The very best service engagements that I oversaw were the ones where the principals of the firm took time to really dig down on what would create the most value for me, and for my business. Now, in fact, on many occasions, they didn’t even try to sell me anything for the first six months or more as they built a relationship that enabled them to better understand my pain points. To keep the long term focus, you need to put the metrics in place that give you a window into this:

  • What are the long term drivers of value?

  • Would a customer engage you for a service that is tangential to your core service delivery? That opens up the possibility of growth through product development.

  • Would a customer recommend you to other business units in their organisation that you haven’t yet had access to? For example, a successful engagement in a client’s New York office might lead to a new engagement in their Chicago office where you haven’t worked before.

  • Of course, there’s the good old Net Promoter Score. Would your client recommend you to other professional contacts in either a solicited or an unsolicited manner?

The number one thing for a client firm engaging a service provider is to ensure a focus on value delivery and outcomes rather than activity – however you can achieve that. 

The really high-end consulting firms have come up with value based approach that takes this to the next level. They use an overall fixed price pitch factoring in every cost and risk focused on a very clear, high value outcome. Now, as a diligent manager, if you would look at some of these proposals through the lens of daily rates for time spent – the billable hours thing – there’s no way you would even consider pursuing one of these engagements. On paper, it just looks ridiculously overpriced. However, if you can look past this, you might see an opportunity to acquire skills, capabilities, experience, smarts, and know-how that your company doesn’t possess, and is unlikely to ever possess. It can really be worth it.

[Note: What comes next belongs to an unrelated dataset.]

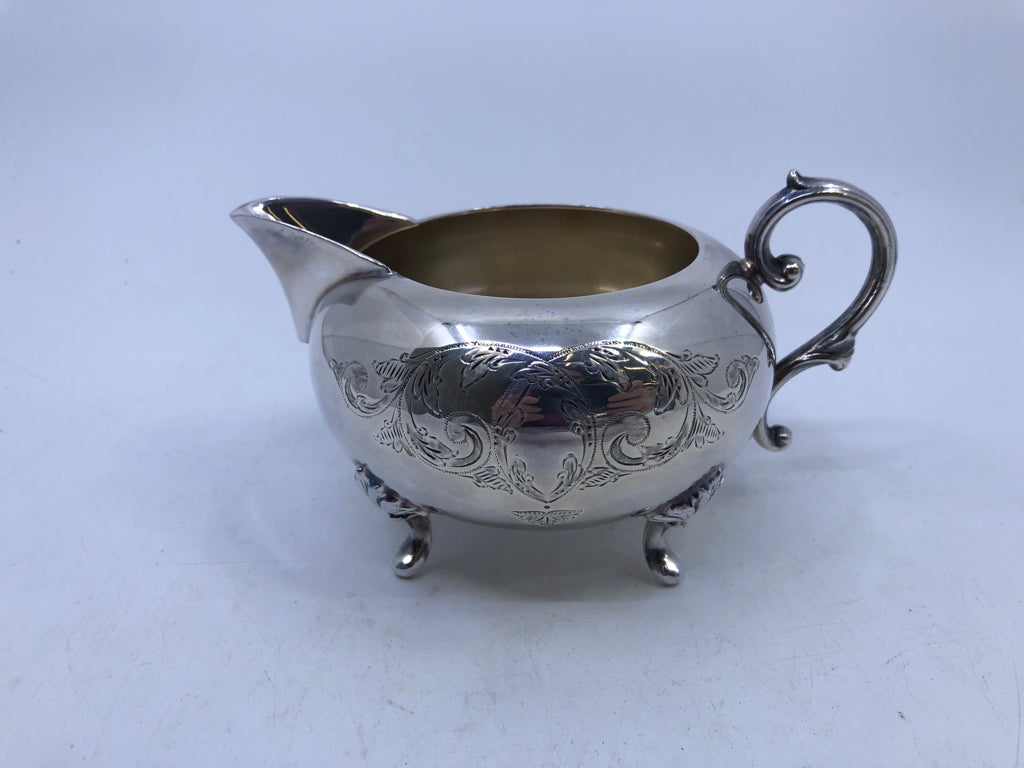 5PC VTG TEA SET- TEAPOT, COFFEE POT, TRAY, CREAM, SUGAR- WM MOUNT.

If I asked you to spend five million dollars to have a small consulting team come in and work with you for six months, what would you say? Hell no! But what if you knew that this engagement, if successful, could save your company one billion dollars in capital investment? Well, of course you’d take that up every day and twice on Sundays. Even if you apply the optimism bias discount, and you thought you might only capture a small percentage of that billion dollars, say a hundred million, would it still be value for money? Well, absolutely! The opportunity to spend five million dollars to save a hundred million dollars –  well, that’s unbelievable value for money. But first you have to have the five million dollars to spend and you have to have the one billion dollar opportunity to chase. Now, I must say, this is the ideal way to work in the billable hours environment. Many of these firms would argue that this isn’t really a billable hours model at all – and they may be right – but it is the peak evolution of the gun-for-hire consulting model that drives many industries.

I’ve only ever worked as a client on these types of engagements, but it enabled me to learn a huge amount about value capture, and how to make systemic changes sustainable so that the value doesn’t dissipate over time. Not every company can afford the ante to engage the top-end-of-town consultants. And those that do, often fall into the trap of feeling like it’s just monopoly money. The price tag can be eye-watering! So, if you ever engage a consulting firm in this manner, you have to have a mindset where you treat the money as your own and become single-mindedly focused on ensuring the value delivery is tracked, measured and verified.

We’ve covered an awful lot of ground in this episode. The benefits of flexibility and access to capabilities that you don’t have are obvious in the billable hours world – otherwise, the business model wouldn’t have endured so successfully over the decades. But if you really want to make sure any service provider engagement delivers value, think carefully about how some of the issues and opportunities might apply in your context. If you’re a service provider, don’t just think about the monthly billable, make sure the client will still be there to bill in one, two, ten years from now. That’s how to really grow a sustainable bill of hours practise.